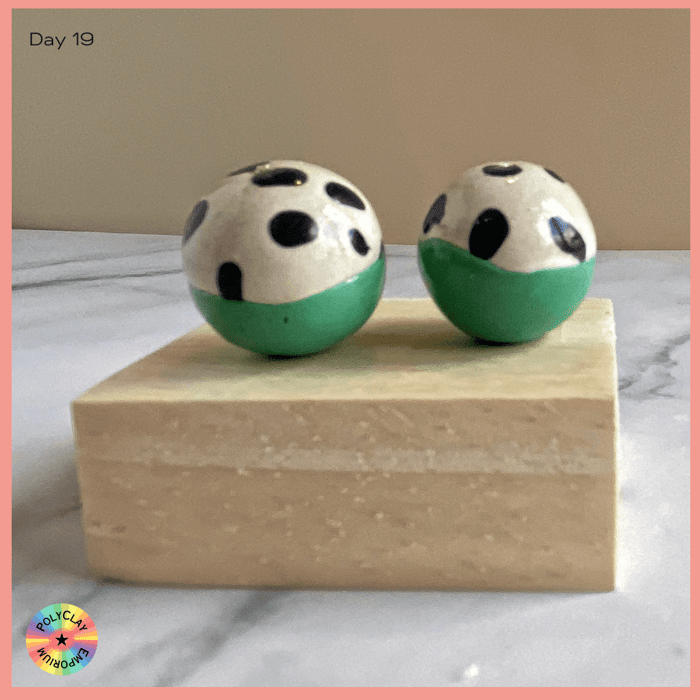 Polymer clay beads, top half white with black dots, bottom solid green.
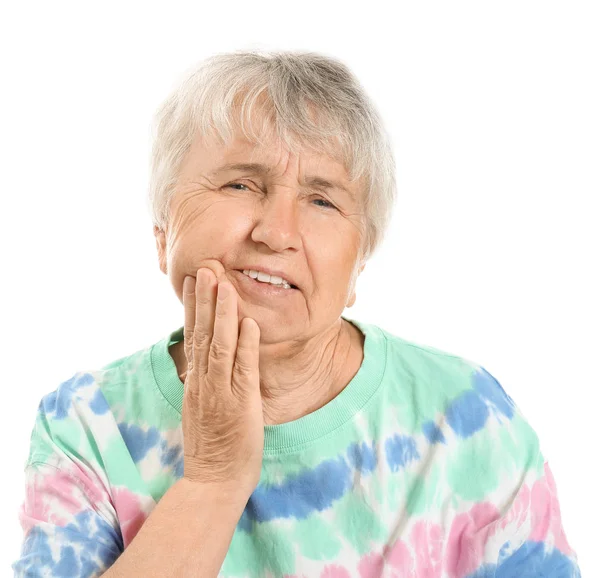 Senior kvinna som lider av tandvärk mot vit bakgrund — Stockfoto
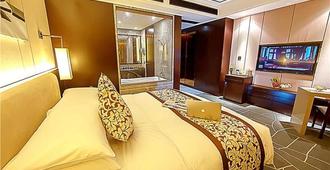Regis Joy International Hotel - Zhengzhou - Habitación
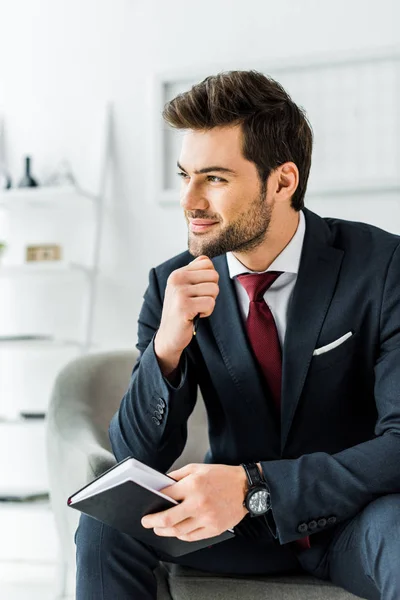 Schöner Lächelnder Geschäftsmann Formeller Kleidung Sitzt Mit Notizbuch Büro — Stockfoto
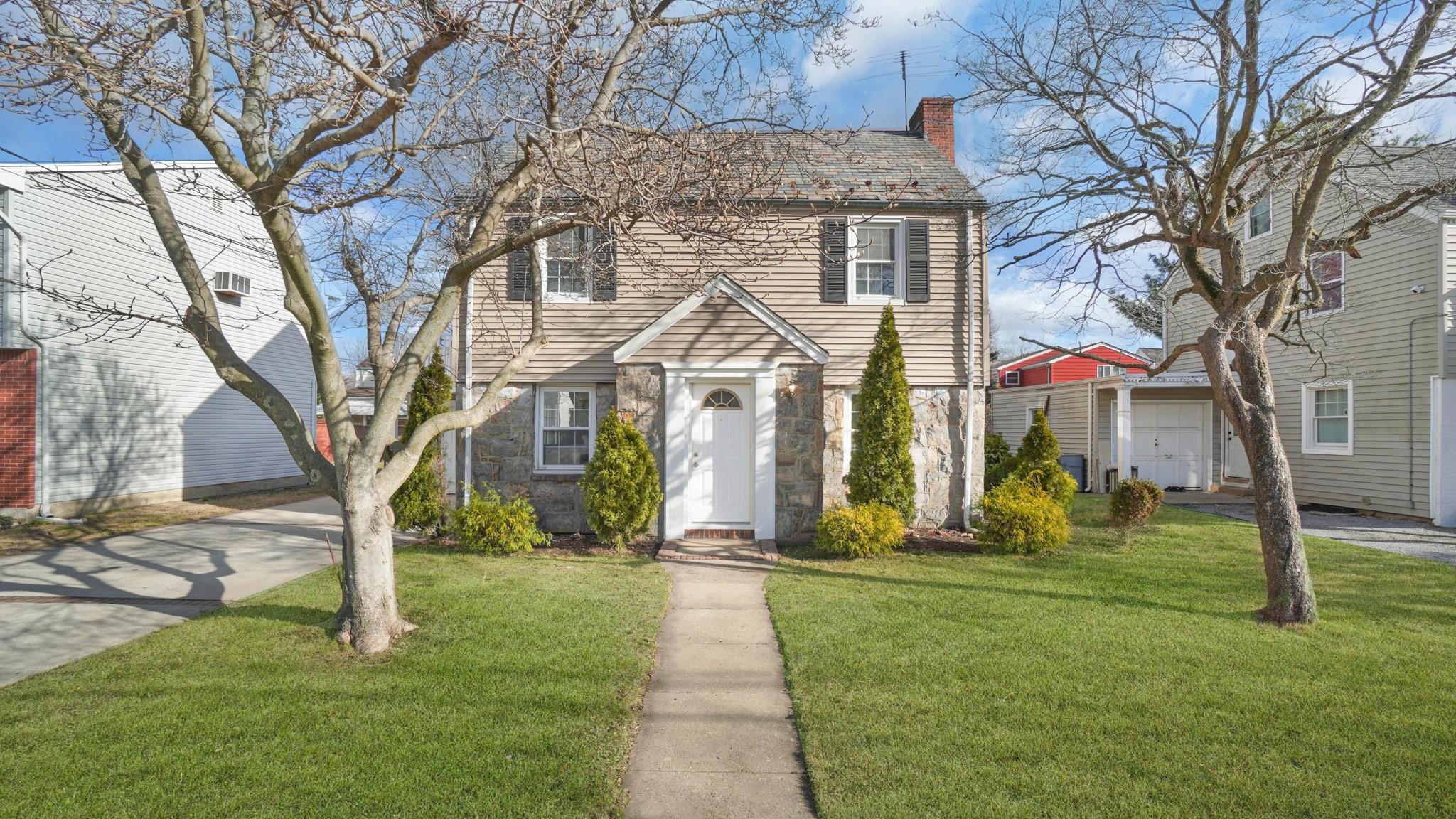 View of front of house with a front lawn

....................

Exactly as written, return every line of the listing, but not the pictures.

 Polymer clay beads, top half white with black dots, bottom solid green.
 Senior kvinna som lider av tandvärk mot vit bakgrund — Stockfoto
Regis Joy International Hotel - Zhengzhou - Habitación
 Schöner Lächelnder Geschäftsmann Formeller Kleidung Sitzt Mit Notizbuch Büro — Stockfoto
 View of front of house with a front lawn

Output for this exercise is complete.